[Captioned web image data]
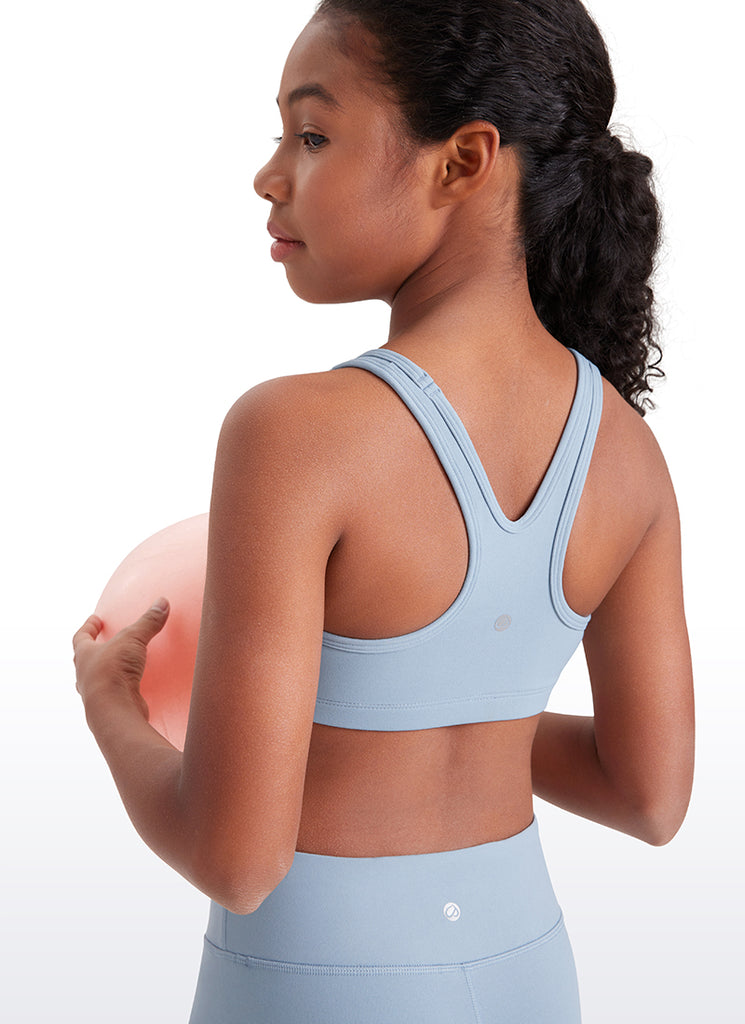 CRZ YOGA  Girl’s Butterluxe Scoop Neck Racerback Yoga Bra Cambric Blue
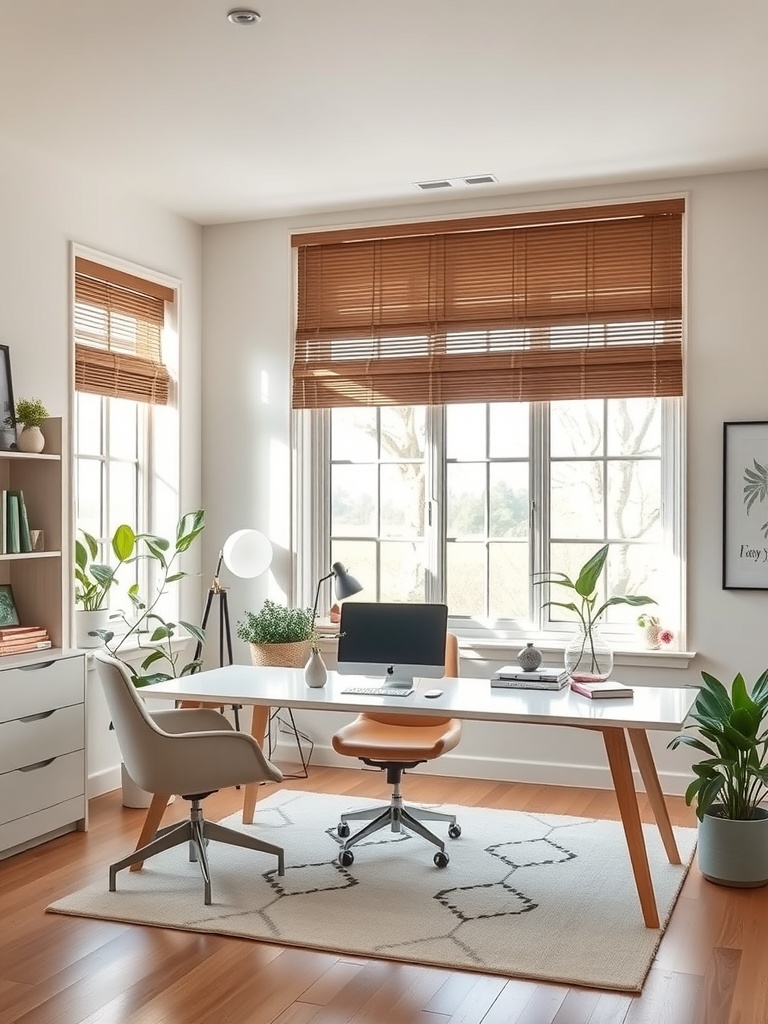 20 Creative and Affordable Home Office Ideas for Any Budget 20 A calm home office with large windows, plants, and a simple desk setup.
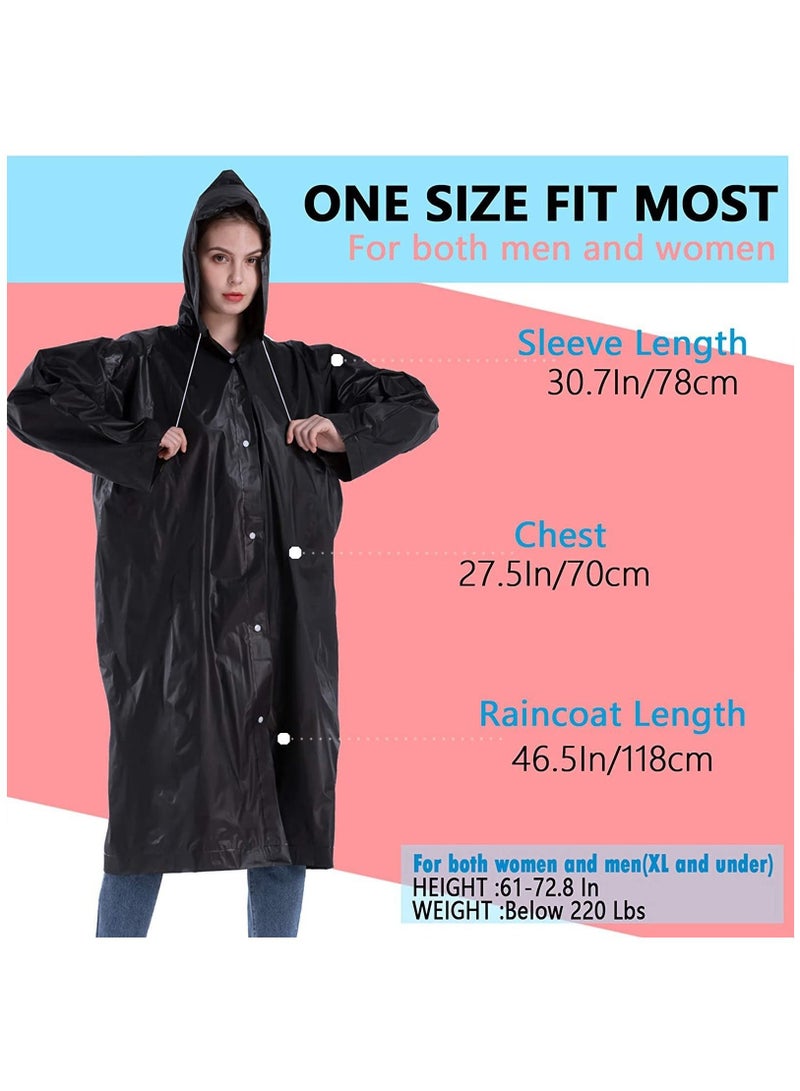 Y&D Universal Portable Raincoat, black Waterproof EVA Rain Ponchos for Men and Women, MAKINGTEC Adults Reusable Coats Long Sleeve Poncho Camping, Hiking, or Any Outdoor Activities(2 Pack)  - Image 3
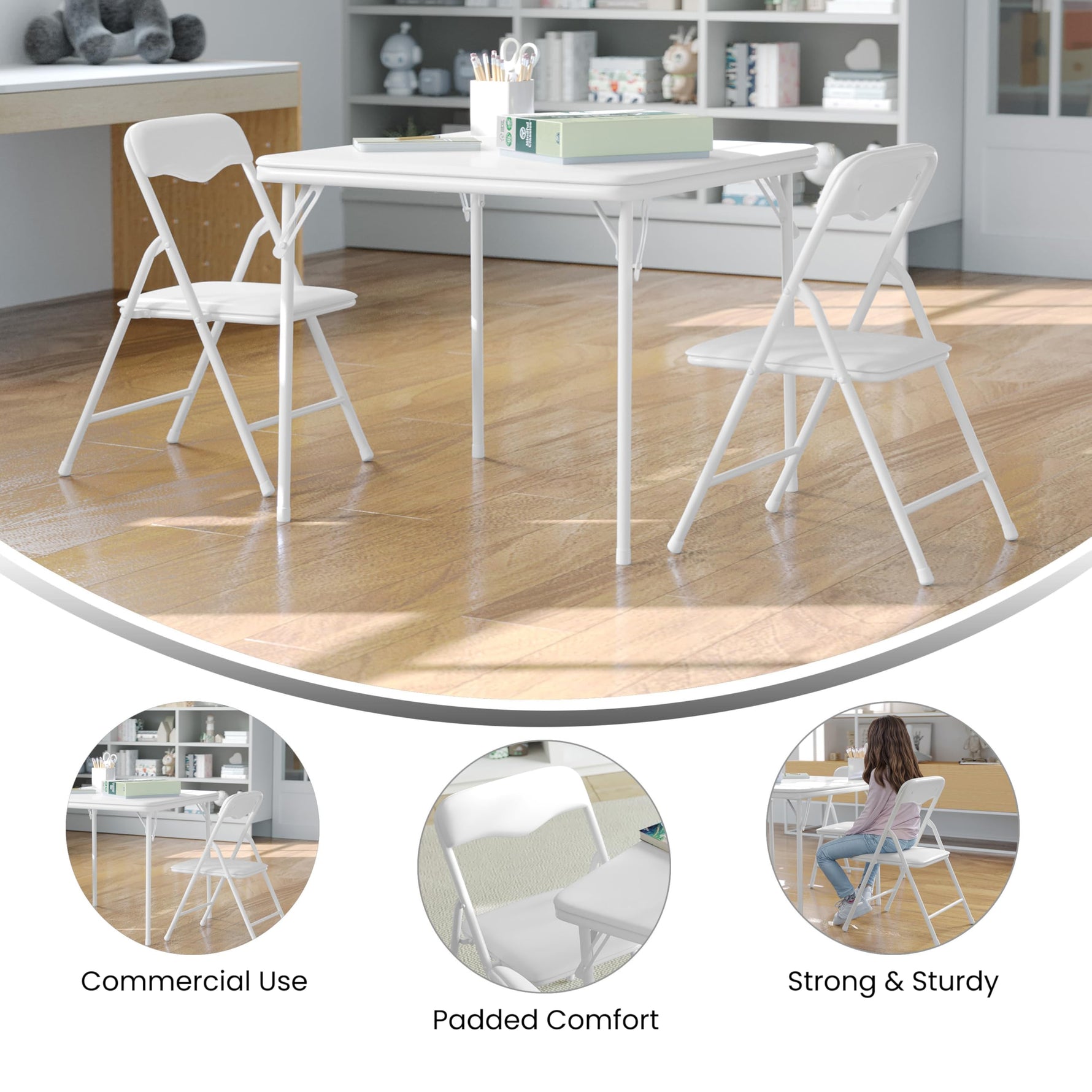 Flash Furniture Mindy Kids 5-Piece set Folding Square Table and Chairs Set for Daycare and Classrooms, Children's Activity Table and Chairs Set, Multicolor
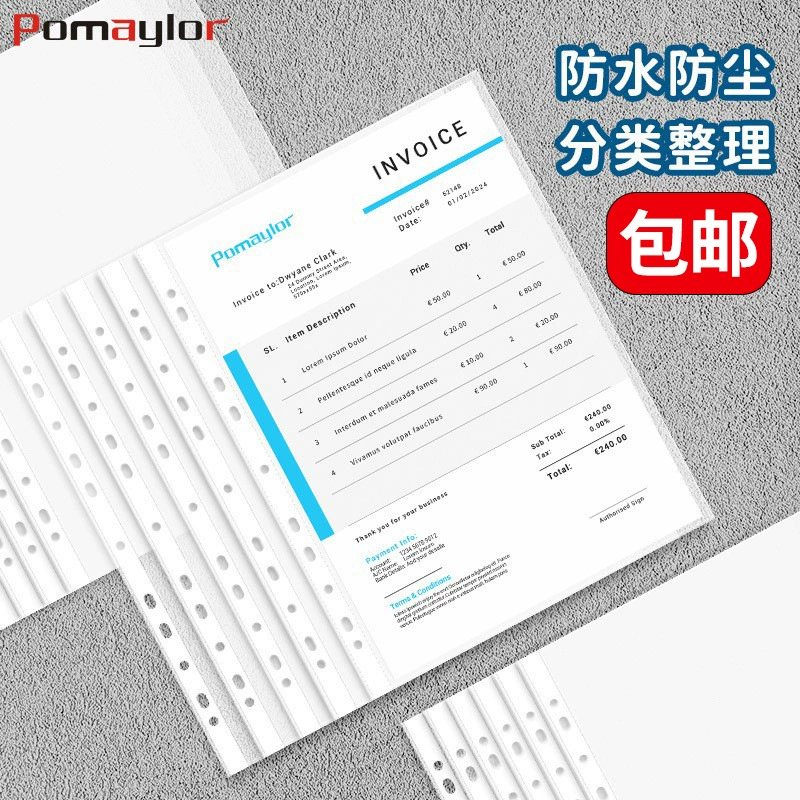 Plastic transparent folder for folders, set for documents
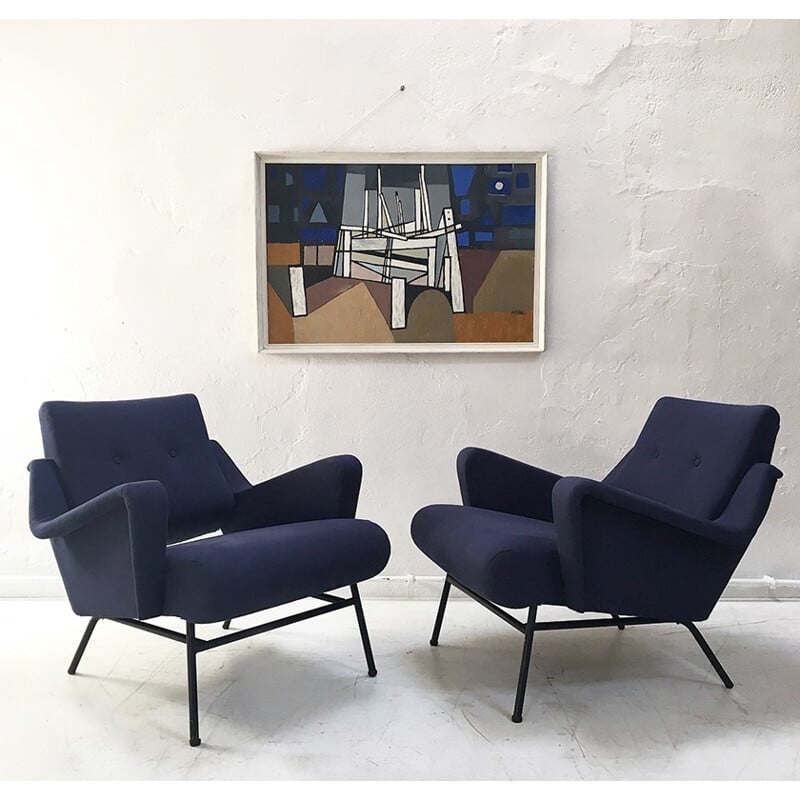 Vintage pair of french lounge chairs by Gérard Guermonprez for Magnani - 1950s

=== Directions ===
Please give the records again word for word, omitting all images.

=== Written response ===
 CRZ YOGA  Girl’s Butterluxe Scoop Neck Racerback Yoga Bra Cambric Blue
 20 Creative and Affordable Home Office Ideas for Any Budget 20 A calm home office with large windows, plants, and a simple desk setup.
 Y&D Universal Portable Raincoat, black Waterproof EVA Rain Ponchos for Men and Women, MAKINGTEC Adults Reusable Coats Long Sleeve Poncho Camping, Hiking, or Any Outdoor Activities(2 Pack)  - Image 3
 Flash Furniture Mindy Kids 5-Piece set Folding Square Table and Chairs Set for Daycare and Classrooms, Children's Activity Table and Chairs Set, Multicolor
 Plastic transparent folder for folders, set for documents
 Vintage pair of french lounge chairs by Gérard Guermonprez for Magnani - 1950s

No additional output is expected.